I came across this when searching for threads on resentment. I’m really struggling at the moment and hate I how I feel, I just want to let go of it all but I simply can’t. Years of childhood trauma and pain on top of complete and utter abandonment as an adult when I had my children has made it really hard to move on - I just bottle it and then it overwhelms me. My point is, so many people feel like this and I have concluded through my search, that professional help is the only route to overcome this (if only there wasn’t a cost of living crisis ey!). Did you seek help?
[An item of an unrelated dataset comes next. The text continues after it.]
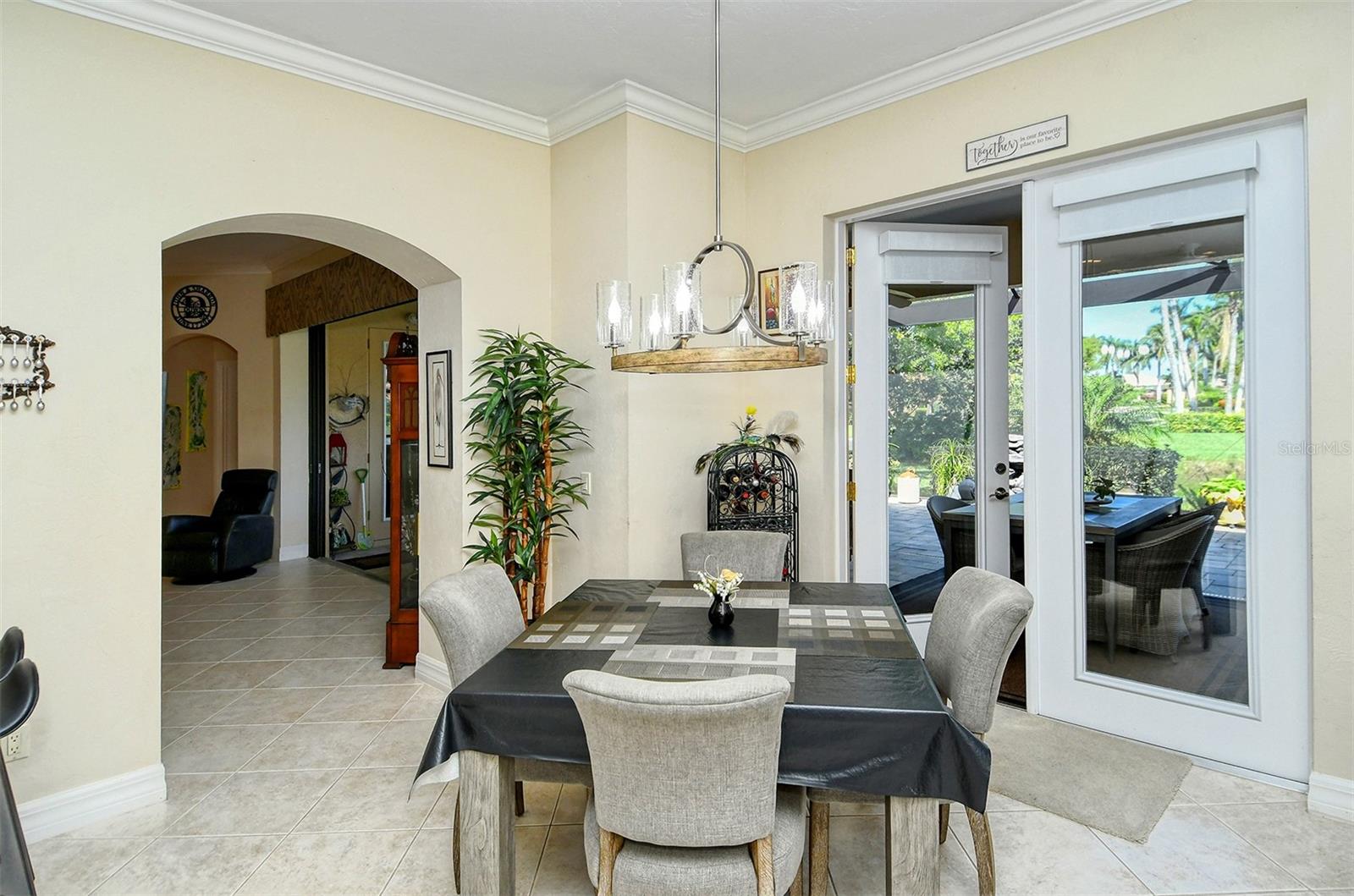 5118 CHATEAU CT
How are you?

Rollup2024 · 22/11/2023 04:33

I see this is an old thread but gosh the same thing happened to me re DM having an affair and introducing him to me. The PPs response is spot on. He is dead now thank god so I don't have to think about him.

Rollup2024 · 22/11/2023 04:37

@Tabitha2721 I am also struggling with this emotion at the moment. I think trying to identify the emotion - is it sadness, anxiety, guilt, helps. That stops it breeding into frustration and resentment.

purplesofachair · 22/11/2023 22:33

Tabitha2721 · 21/11/2023 23:32

I came across this when searching for threads on resentment. I’m really struggling at the moment and hate I how I feel, I just want to let go of it all but I simply can’t. Years of childhood trauma and pain on top of complete and utter abandonment as an adult when I had my children has made it really hard to move on - I just bottle it and then it overwhelms me. My point is, so many people feel like this and I have concluded through my search, that professional help is the only route to overcome this (if only there wasn’t a cost of living crisis ey!). Did you seek help? How are you?

Thank you for asking - it's always sad to hear someone else is struggling but also comforting to know you're not the only one.
I did decide to start counseling just after I'd posted. It felt difficult talking about feelings from 20 years ago but it was important to push through the uncomfortableness.
I've been working on strategies to make me feel more in control and feel able to hold my boundaries. Along with researching into FOG (fear, obligation and guilt) which is emotions you can feel when dealing with a difficult family member.
The counseling also showed me how I've let it affect my relationship with my husband which was difficult to face up to but also really important.
Basically it's been an emotional and tough couple of months as I work through it all and I think it's going to get harder before it gets better but I'm really pleased I finally took the step to get professional help.
Where are you with that step? Have you taken the step to get professional support?

OP posts:
purplesofachair · 22/11/2023 22:41

I went through my EAP (employee assistance programme) at work to get 8 free sessions. A lot of companies offer this - and often they extend to household or family if you don't have one personally

OP posts:
Tablefortwo78 · 22/11/2023 22:46

Honestly? Honour your feelings and do not have them to stay.